Tandis que Sophocle inspire dans son extrait la vengeance, Electre de Jean Giraudoux crée un esprit de paix intérieure, d’apaisement grâce à l’emploi du champs lexical du renouveau, de la renaissance : « lueur « (l.2), « renaîtra « (l.5), renaîtront (l.6-8), « jour se lève « (l.26), « jour qui se lève « (l.29) et enfin « l’aurore « (l.32) qui clos cet extrait. Le fait que ce que disent les Euménides n’atteigne pas Electre confirme ce sentiment de paix intérieur présent tout au long de l’extrait.

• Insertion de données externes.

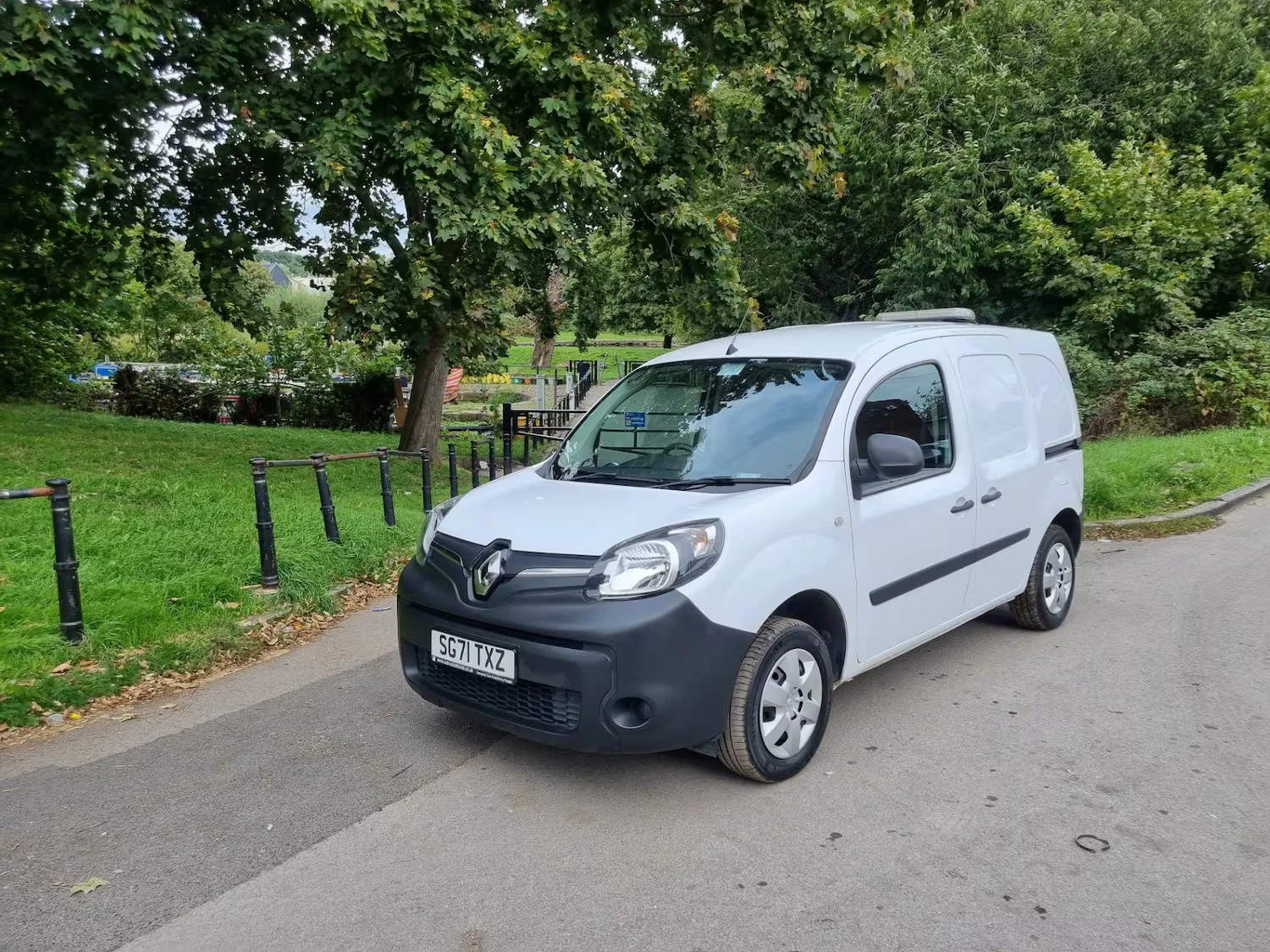 2021 RENAULT KANGOO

Dans Les Mouches de Jean Paul Sartre, le dénouement est symbolisé par la peur d’Electre envers les Erinnyes « Laissez-moi ! Cessez de me torturer ! « (l.20), « C’est ta faiblesse qui fait leur force. « (l.21) et la force et le courage d’Oreste « Vois : elles n’osent rien me dire « (l.21-22), « Par-delà l’angoisse et les souvenirs « (l.28). Il protège sa sœur, l’entraine à oublier le passé et le malheur et à dépasser ses craintes.

 

 

Après avoir démontré la présence et l’importance des dieux dans les extraits proposés ainsi que les caractères particuliers du dénouement, nous allons établir les différentes facettes d’Oreste et d’Electre.

 

· Les différentes facettes d’Oreste et d’Electre se caractérisent par les épreuves traversées par ces deux personnages, des vengeurs partagés entre mauvaise conscience et libre arbitre, soit la capacité de juger librement.

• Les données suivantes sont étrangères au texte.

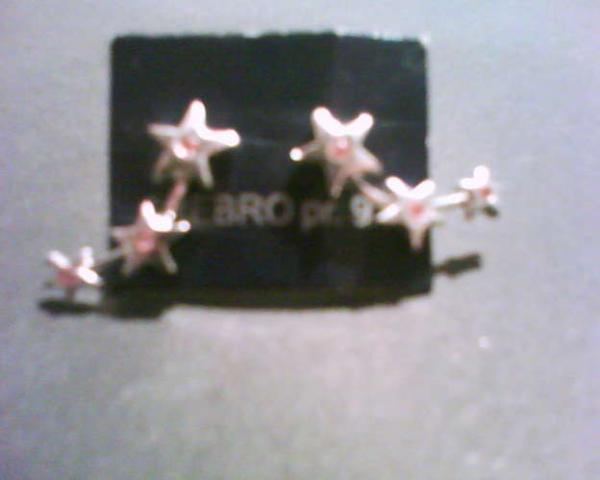 Daiktas auskarai_zvaigzdutes su ruzavais akmeneliais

Chez tous les auteurs, Electre et Oreste sont considérés comme victimes du destin puisque le malheur s’abat sur eux. En effet, le fait que leur père soit assassiné par leur mère et son amant et qu’ils doivent à leur tour devenir des meurtriers fait d’eux des victimes du destin, tout particulièrement dans l’extrait de Jean Paul Sartre où Oreste décrit avec précision le meurtre de sa mère et les images qui resteront à jamais gravées en lui « Ecoute : une horreur sans nom s’est posée sur toi et nous sépare. Pourtant qu’as- tu donc vécu que je n’aie vécu ? Les gémissements de ma mère, crois-tu que mes oreilles cesseront jamais de les entendre ? Et ses yeux immenses - deux océans démontés - dans son visage de craie, crois-tu que mes yeux cesseront jamais de les voir ? Et l’angoisse qui te dévore, crois-tu qu’elle cessera jamais de me ronger ? « (l. 22 à 27).

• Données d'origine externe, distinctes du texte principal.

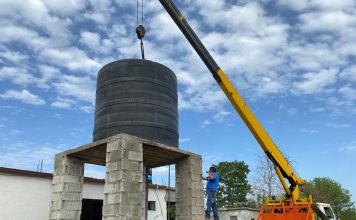 Reemplazan tanque elevado de agua de Las Azucenas en Múzquiz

Dans l’extrait de Sophocle, le pessimisme et le désespoir d’Electre l’empêchent de penser normalement. En effet, elle se lamente constamment « l’excès de mon chagrin « (l.22), « le mien n’aura de repos ni cesse [le deuil] « (l.29) et ne pense qu’à sa future vengeance, alors que dans l’œuvre de Jean Giraudoux, Electre n’éprouve aucune mauvaise conscience. Elle n’essaiera pas de démentir les accusations les Euménides, grâce à la répétition de « J’ai tout « (l.11-15-20) . Electre apparait dans cet extrait très déterminée contrairement à la pièce de Sartre où elle semble fragile, telle une enfant protégée par son père.

 

· Ainsi, la légende d’Electre et d’Oreste, reprise par de nombreux auteurs, garde le même fil directeur : de nombreuses manifestations du tragique et représentations du destin ; bases de toute pièce tragique. Malgré le nombre de siècles séparant l’écriture des différentes pièces, le temps n’a pas réussi à changer significativement les facettes d’Electre et d’Oreste.